I became fascinated with the earlier period of Korea as well, and the influences between China, Korea and Japan, which were unknown to me. …We have been working for a long time now with the younger generation, so we are now [also] working with the older generation. As a matter of fact, we will have a show of Do Ho’s father [Suh Se-Ok, b.1929]. He is already well known. He had a show at the Museum of Modern Art in Seoul. He is an ink painter. We will have a show with him in September of 2018. And Kim Guiline (b.1936) also suits perfectly with what we are doing because he himself is international. He lives and lived in France, in Paris.
Rachel Lehmann, Lee Bul, Lee Bul Opening at Lehmann Maupin, 2010
CM: Final question. Among the strengths of the gallery is very strong female artists — at least half the program. At the top of the market, that puts you in a very, very rare group. I think only Victoria Miro is doing something similar, even if not quite the same. But at the same time, it is not something you shout about, you just take it for granted.
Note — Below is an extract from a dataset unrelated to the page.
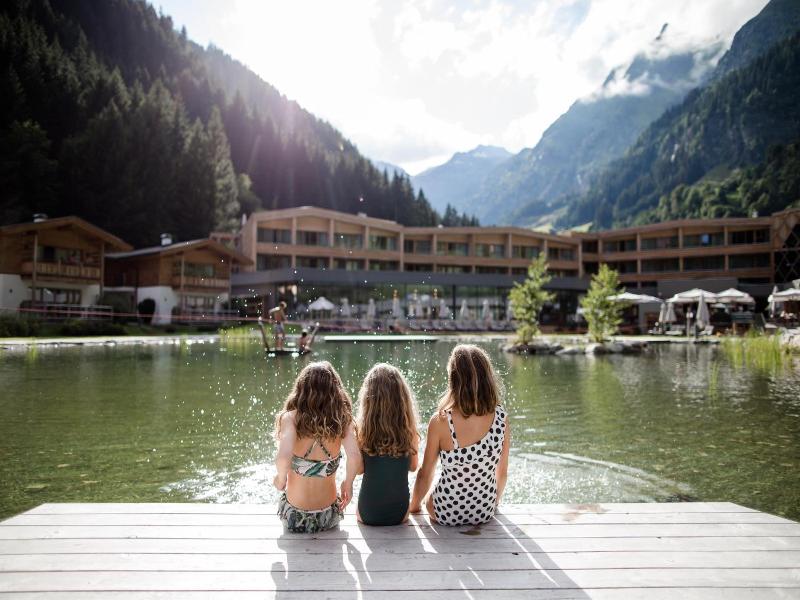 Familienhotel Feuerstein image
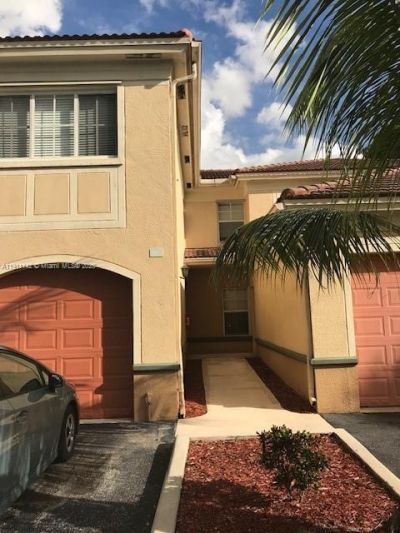 2469 Centergate Dr, Unit 203, Miramar, FL 33025 Photo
I remember a show at frieze [London, 2015], where every single artist on display was a woman. Was it a deliberate strategy or something that just quietly developed?
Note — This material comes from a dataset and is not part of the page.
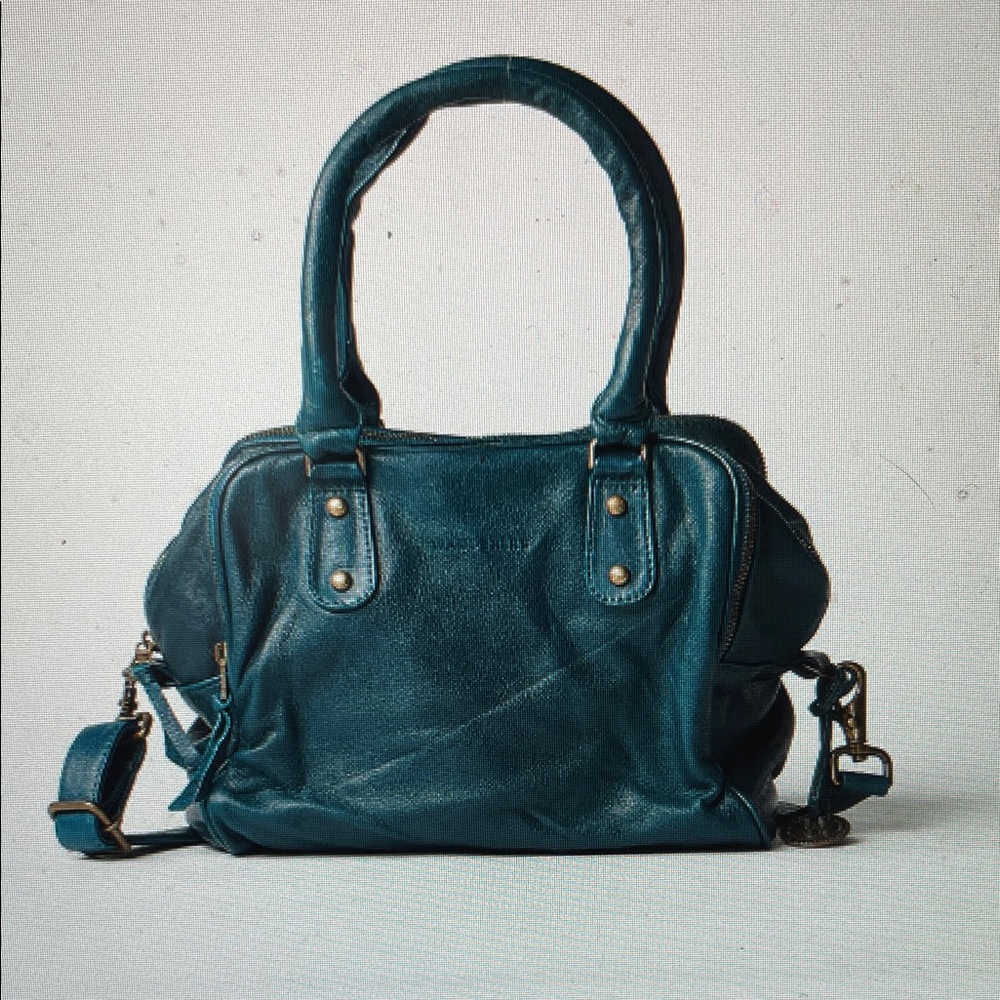 Wanderers provence Teal Leather 2 way wear Handbag- almost new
RL: We were always interested in groups of undercurrent artists and different genders. So artists who were quietly committed and who needed to be heard. The female artists, because of stereotypes, have been very often working for longer, in a quieter way, and in a more committed way. It became clear to us that there is a larger group of female artists who work in this way and are working alone. So those were voices which were important, which were there but which were not heard. So those undercurrentvoices which really underline—I like what you called—the ‘shouting voices’. It’s the undercurrent line which really opens up borders for the ‘shouting’ voices. This is exactly what we did. And we were interested in it! Mickalene Thomas, for instance, is an artist we have worked with for over 10 years. Her work uses very complex art historic references, intertwined with her own history. We knew she was doing something very important, and the institutional recognition has followed with numerous museum exhibitions in the recent years. I’m happy to say, she will have a museum exhibition in Shanghai in 2020! Now today, we encounter quite a lot of collectors who particularly want to collect women artists because they know that their prices are lower. They know that a lot will change soon.